* **Problem details**: What you return must match the listing below exactly, minus any pictures.

────────────────────────────────────────

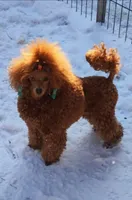 processed/2ee994a8-0239-42a7-8e14-51960aff5399/facility/0d3604c9-b933-4db4-aaee-9355202129a9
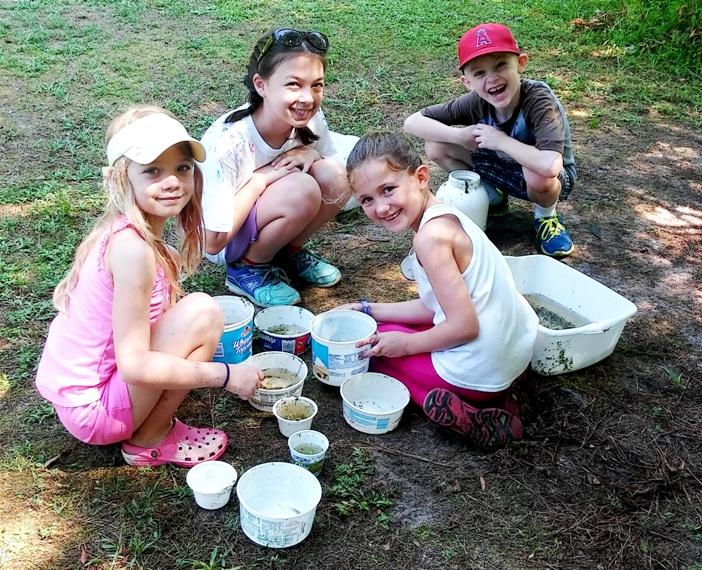 A photo of four kids at day camp looking in various tubs and plastic containers at aquatic critters gathered during a pond study program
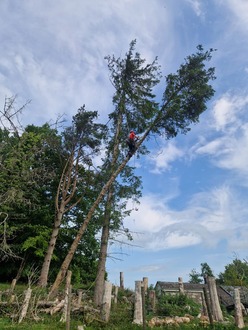 spruce_takedowns After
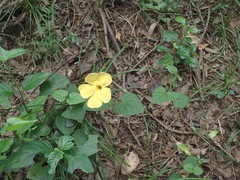 Thunbergia dregeana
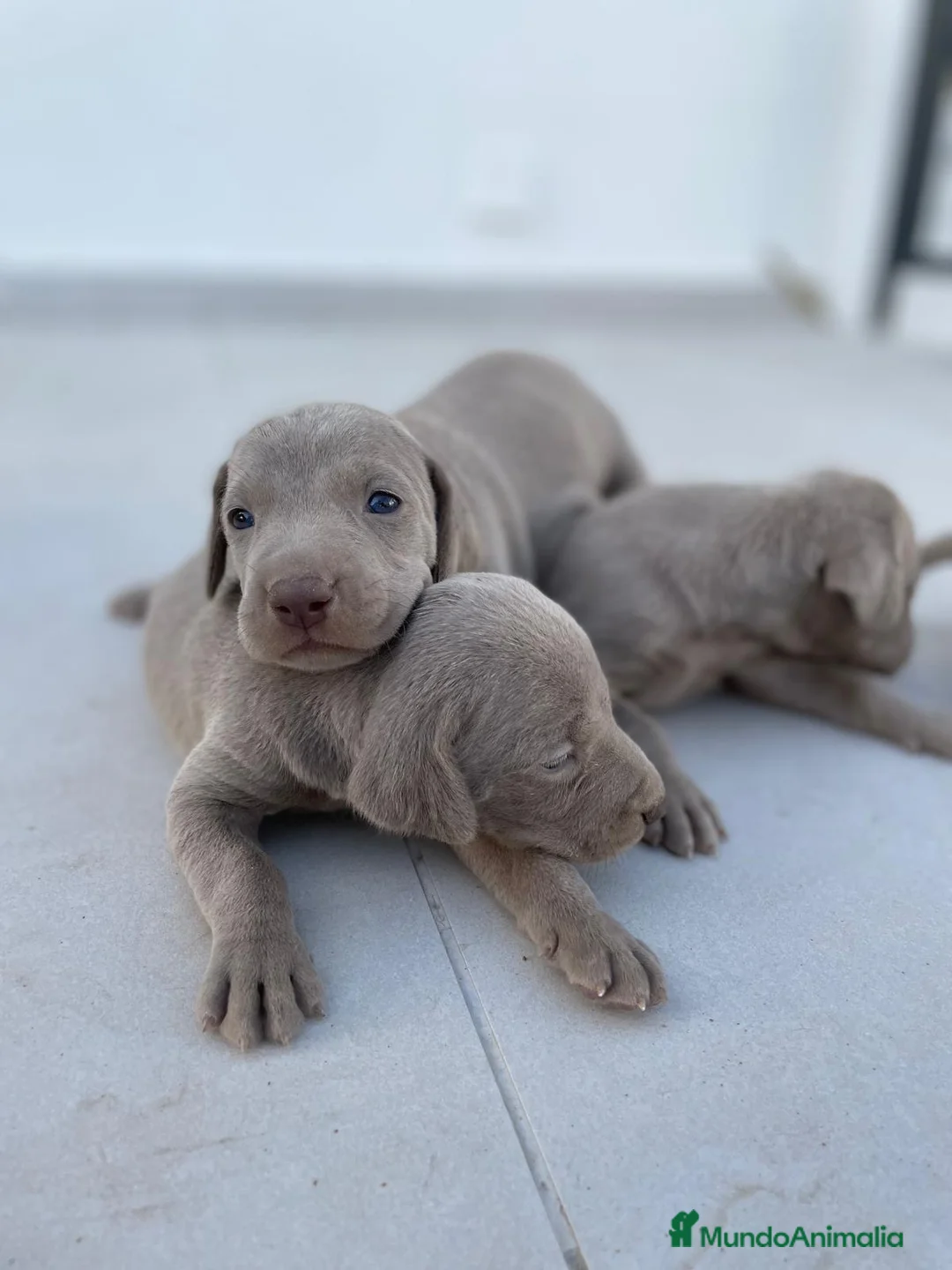 Weimaraner perros en venta: CACHORRO DE BRACO DE WEIMAR - Anuncio 5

────────────────────────────────────────

* **Solution to the problem**:
 processed/2ee994a8-0239-42a7-8e14-51960aff5399/facility/0d3604c9-b933-4db4-aaee-9355202129a9
 A photo of four kids at day camp looking in various tubs and plastic containers at aquatic critters gathered during a pond study program
 spruce_takedowns After
 Thunbergia dregeana
 Weimaraner perros en venta: CACHORRO DE BRACO DE WEIMAR - Anuncio 5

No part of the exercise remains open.